Luego habló Juana Larrauri, la mano derecha de Evita en la Rama Femenina del Movimiento. Sollozando dijo: "Para nosotros no has muerto, eres la eterna antocha ardiente que guía nuestro camino".

Finalmente, el pequeño ataúd fue sacado de nuevo a la calle, montado sobre la cureña y arrastrado por cincuenta trabajadores a lo largo de tres kilómetros de las calles más céntricas de la ciudad de Buenos Aires, hasta llegar al edificio de la Confederación General del Trabajo, cerca de la orilla del Río de la Plata. A diferencia de lo ocurrido el día anterior, esta vez la ruta estaba flanqueada por cientos de miles de argentinos apesadumbrados y llorosos.

Dos carros alegóricos, que llevaban antorchas encendidas y el lema "La llama de tu memoria vivirá para siempre en nuestra vidas", precedían el ataúd. En ellos había también trabajadores que a lo largo de todo el camino iban esparciendo flores y pétalos frente a las ruedas de la cureña. Sin embargo, más y más flores caían como una lluvia desde las atestadas ventanas de los edificios que bordeaban el camino por donde desfilaba el cortejo. Cuando se acercaba a la entrada cubierta de coronas de la central de la C.G.T., una salva de veintiún cañonazos la saludó atronadoramente, y bombarderos "Lincoln" y reactores "Meteor" se lanzaban como rayos, volando por encima de las cabezas de los que acompañaban el cortejo.

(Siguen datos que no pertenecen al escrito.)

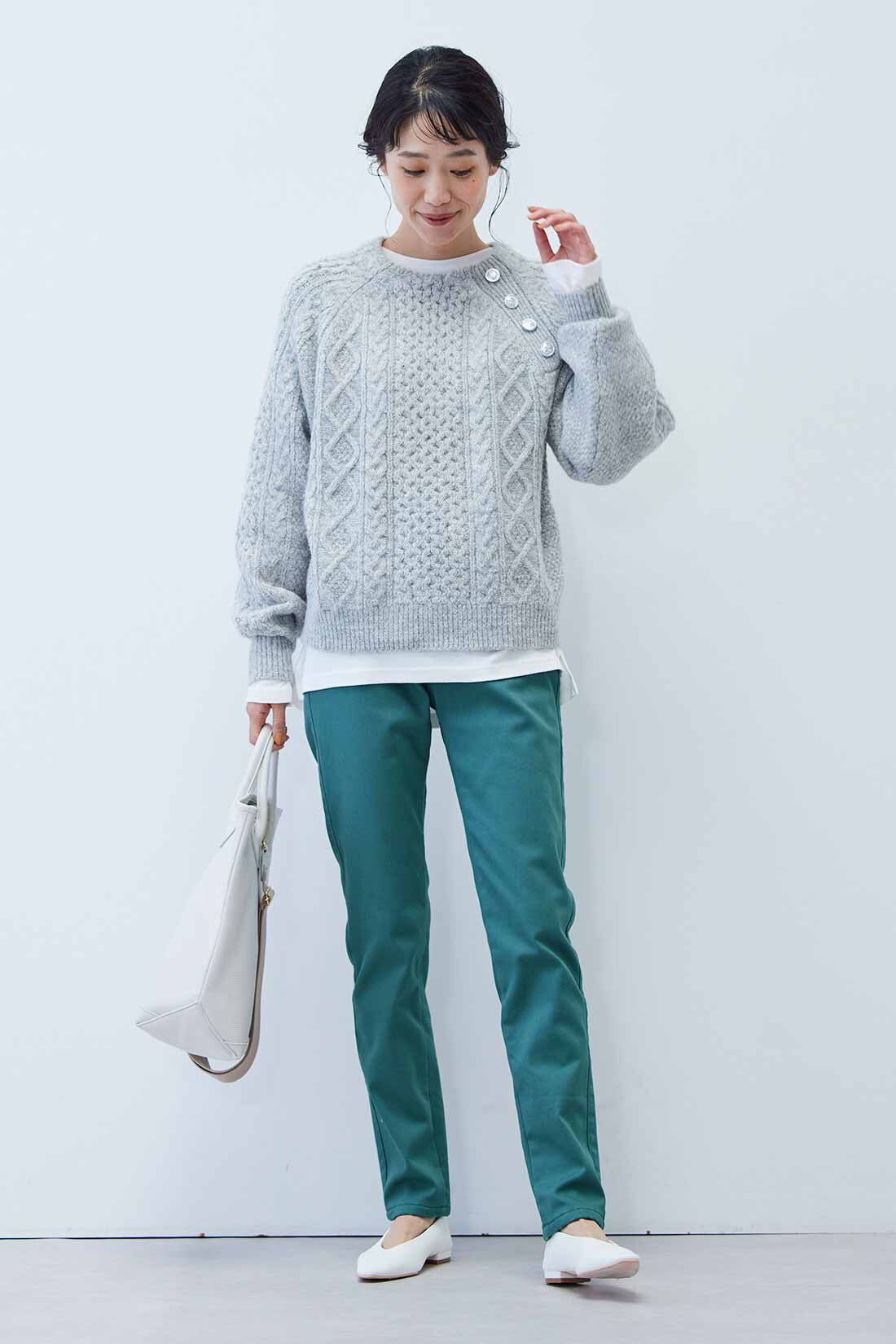 Live in  comfort|リブ イン コンフォート ぬくぬくでしあわせ あったかすっきり裏ボアパンツ【まとめ買いキャンペーン】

Mientras, Juan Domingo Perón, con su cara surcada de arrugas que demostraban todo su dolor, entregaba el cuerpo de su esposa al secretario general de la C.G.T. José Espejo debió comprender al mirarla que él se despedía también allí de la fracción de su poder que Evita manejaba. Si no lo sabía, José Espejo lo dejó claramente estipulado en aquel mismo momento. Sobre los escalones de aquel magnífico edificio de la central de los trabajadores que Evita había construído, Espejo prometió: "Recibiendo los restos mortales de Eva Perón, juro ser su custodia hoy, mañana y para siempre".

Cualquier persona que conociera lo suficientemente bien a Espejo podía adivinar que aquello era más un desafío que un discurso plagado de retórica. Sus palabras dejaban traducir la clara implicación de que a partir de ese momento, cualquier ciudadano, incluyendo al propio presidente Perón, que anhelara el liderazgo de la C.G.T. y los despojos de la Fundación Eva Perón, debía vérselas ante todo con los guardianes de Evita. Sabía muy bien que, en un momento de crisis, su cadáver podía generar más magia política en el pueblo argentino que lo que un Juan Perón vivo lograría. Perón había heredado un mito con el que le sería muy difícil convivir en los años venideros.